The entire bottom side was etched with Ospho, rinsed, and then cleaned with metal prep (giving the metal that white, chalky look). Also, new seam sealer had to be injected between the support and hood skin because the old had pulled away causing the top of the hood to "oil can".
Finally, I can get to resurfacing the top of the hood. I scratched it up good first with a course sanding disk and then cleaned the metal with metal prep.
I laid down a thin layer of skimming filler like I'd done with the deck lid.
And then I sanded... and sanded.... and sanded.... and filled some more... and sanded... and sanded some more. By the way if you see this kind of sand paper at Harbor Freight RUN AWAY! This is the worst crap I've ever used. Besides being completely worthless as sand paper, the glue is actually water soluble. A little bit of sweat or water on the paper makes it dissolve and fall apart. However, if you get the black crud on your hands then nothing will clean it off. Ack! I tossed the whole bag in the trash.
Fortunately, I had good 3M paper on hand as well and was able to finish the sanding. As I'd done with the deck lid, I roughed the skimming putty with a 46 grit 17 inch idiot board, getting it as level as possible and then skimmed the whole thing again with a microscopically thin layer polyester glazing putty. Just enough to fill the 46 grit sanding scratches. I wet sanded that directly with 220 (NOTE: I found out later that it is bad to wet sand filler as it can absorb moisture and cause problems with paint later), wiped it down, dried it, checked for imperfections, filled those as I found them, sanded again, rinse, repeat until done.

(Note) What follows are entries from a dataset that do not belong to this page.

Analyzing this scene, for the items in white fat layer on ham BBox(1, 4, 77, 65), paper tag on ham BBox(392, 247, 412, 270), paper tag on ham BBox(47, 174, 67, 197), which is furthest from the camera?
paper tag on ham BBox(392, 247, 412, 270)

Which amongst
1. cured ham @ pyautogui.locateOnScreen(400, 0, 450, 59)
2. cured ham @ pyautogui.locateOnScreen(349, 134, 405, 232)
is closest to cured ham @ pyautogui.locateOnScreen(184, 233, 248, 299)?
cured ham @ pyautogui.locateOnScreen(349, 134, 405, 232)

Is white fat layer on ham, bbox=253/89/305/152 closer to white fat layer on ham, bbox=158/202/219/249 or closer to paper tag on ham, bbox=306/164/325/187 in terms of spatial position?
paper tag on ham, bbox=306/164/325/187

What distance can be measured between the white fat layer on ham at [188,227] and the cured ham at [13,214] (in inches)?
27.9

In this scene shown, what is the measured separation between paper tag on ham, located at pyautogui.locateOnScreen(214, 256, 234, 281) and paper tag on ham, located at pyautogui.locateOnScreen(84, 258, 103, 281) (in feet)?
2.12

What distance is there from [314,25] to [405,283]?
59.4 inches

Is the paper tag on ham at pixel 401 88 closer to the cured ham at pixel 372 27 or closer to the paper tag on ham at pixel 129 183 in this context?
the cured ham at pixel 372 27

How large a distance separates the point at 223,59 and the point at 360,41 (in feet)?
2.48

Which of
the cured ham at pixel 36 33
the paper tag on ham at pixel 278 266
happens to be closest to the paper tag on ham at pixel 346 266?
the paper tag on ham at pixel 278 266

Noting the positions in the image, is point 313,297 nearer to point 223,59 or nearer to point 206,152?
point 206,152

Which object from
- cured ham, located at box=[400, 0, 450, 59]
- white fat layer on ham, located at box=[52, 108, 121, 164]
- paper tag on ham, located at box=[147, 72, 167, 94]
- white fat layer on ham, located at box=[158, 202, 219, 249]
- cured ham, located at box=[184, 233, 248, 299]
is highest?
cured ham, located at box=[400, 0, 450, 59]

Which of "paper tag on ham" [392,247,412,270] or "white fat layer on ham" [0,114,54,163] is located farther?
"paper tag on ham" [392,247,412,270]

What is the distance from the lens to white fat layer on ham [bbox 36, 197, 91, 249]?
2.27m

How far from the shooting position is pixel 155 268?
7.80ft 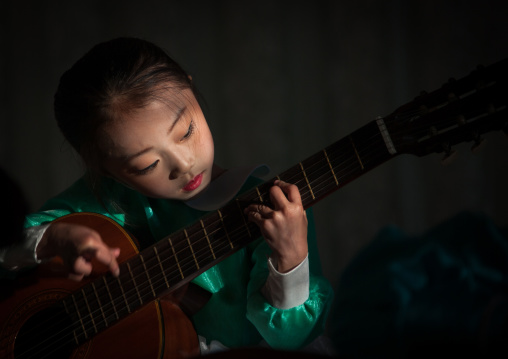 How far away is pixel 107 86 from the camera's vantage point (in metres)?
0.69

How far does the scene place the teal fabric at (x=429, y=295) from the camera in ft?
1.73

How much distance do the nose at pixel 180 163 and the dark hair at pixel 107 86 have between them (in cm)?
9

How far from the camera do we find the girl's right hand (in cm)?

When I was finally ready to primer with DP40LF epoxy primer, rain was on the way so it was now or wait for another four days or so. It was getting dark out so I opted to hang the hood from the garage door and spray it from inside the garage. Top first.
And then bottom.
Yeah, the straps got in the way at times but I worked around them and got the job done with a couple of flaws that I still need to fix but I got it done. Now, on to cleaning up the hood hardware for test mounting to the car for panel alignment.